As an independent artist, I am regularly being offered projects and gigs, so I have to choose which ones to take. I think one damaging message artists often receive is that they're lucky to have work or any opportunities at all. This is the reason that I (mostly unconsciously) feel a great deal of guilt about turning something down if it doesn't feel like a good fit deep down. This year I have to, have to, have to get better at being honest with myself about whether or not I want to do something. In truth, everything I say "yes" to now is a "no" to something else further down the line... There's only so much time in a day!
I think this is going to be a huge turning point for me when I finally gather the courage to just be honest about what things I want to say yes to and what things I'd rather pass on. I'm not saying I don't ever want to do anything, or that I'm averse to working hard (haha although let's be honest, my inner child would not object to early retirement!) but still as a creative I want to have control over the things I make and to focus on my internal vision.

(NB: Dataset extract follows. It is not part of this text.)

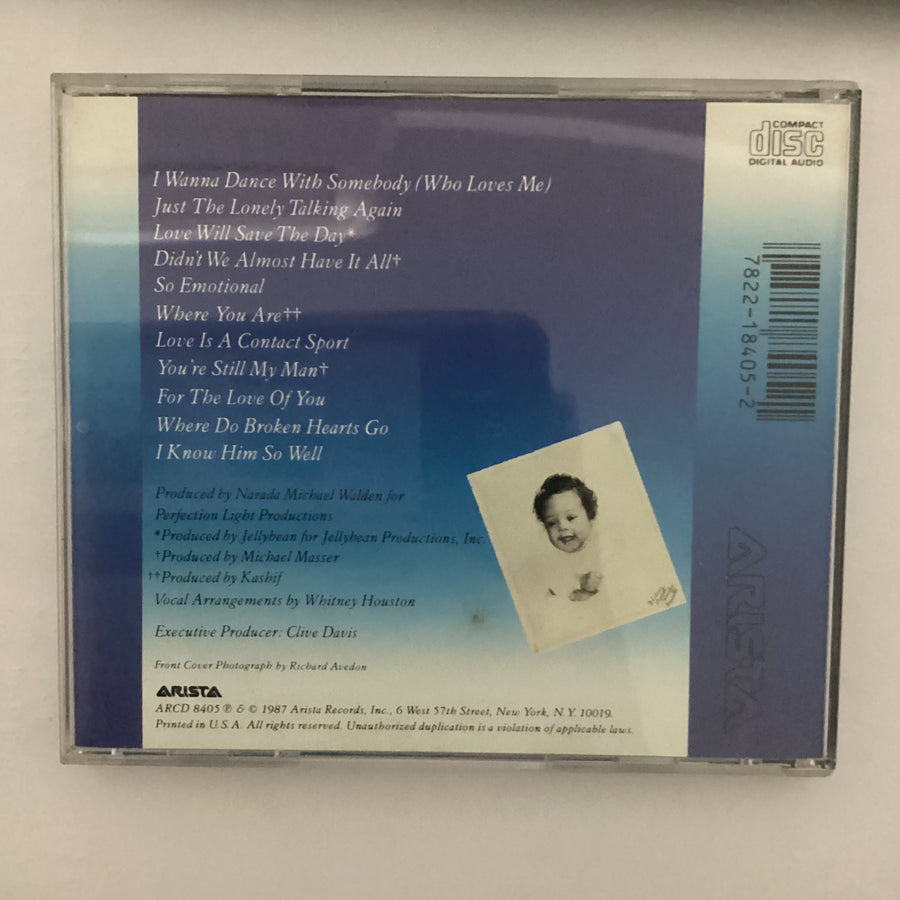 ซีดี Whitney Houston - Whitney CD VG+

If I constantly say "yes" to things that aren't exciting to me, I end up feeling like I am forcing my creativity just to earn a living. Or worse, that I'm a puppet to some wealthy producer, organization or patron. I am not creating from a space of joy. Now I don't think every single part of my working life has to be marked by enthusiasm or happiness, but the creation of art should be! Let my unpleasant tasks be things like emails and taxes... Not the art itself! I'd rather get a day job than do creative projects not born of my own, genuine inspiration.
I hesitate to even type all of this up because it makes me feel a little bit ungrateful, but acknowledging ALL my feelings is something I need to get used to doing.
AF Days Since May 23, 2024: 58
My Why: To have freedom from addictions, to create more space in my life, to honor my body / mind / spirit, to feel vibrant and empowered in my daily life, and to make my corner of the world a better, more peaceful, more loving & more beautiful place.
What's One Awesome Thing that Happened Yesterday because I Chose Not to Drink?
I could be fully present as I watched the gorgeous, moving and thought-provoking film,"Perfect Days" with my husband last night... It was such a fabulous movie!
Daily Affirmations:
1) I choose to live Alcohol-Free.
2) I respect and honor myself.
3) I am worthy of love and care.
4) I give myself patience to heal.
5) I maintain healthy boundaries.
6) I have compassion for others.
7) I create beauty all around me.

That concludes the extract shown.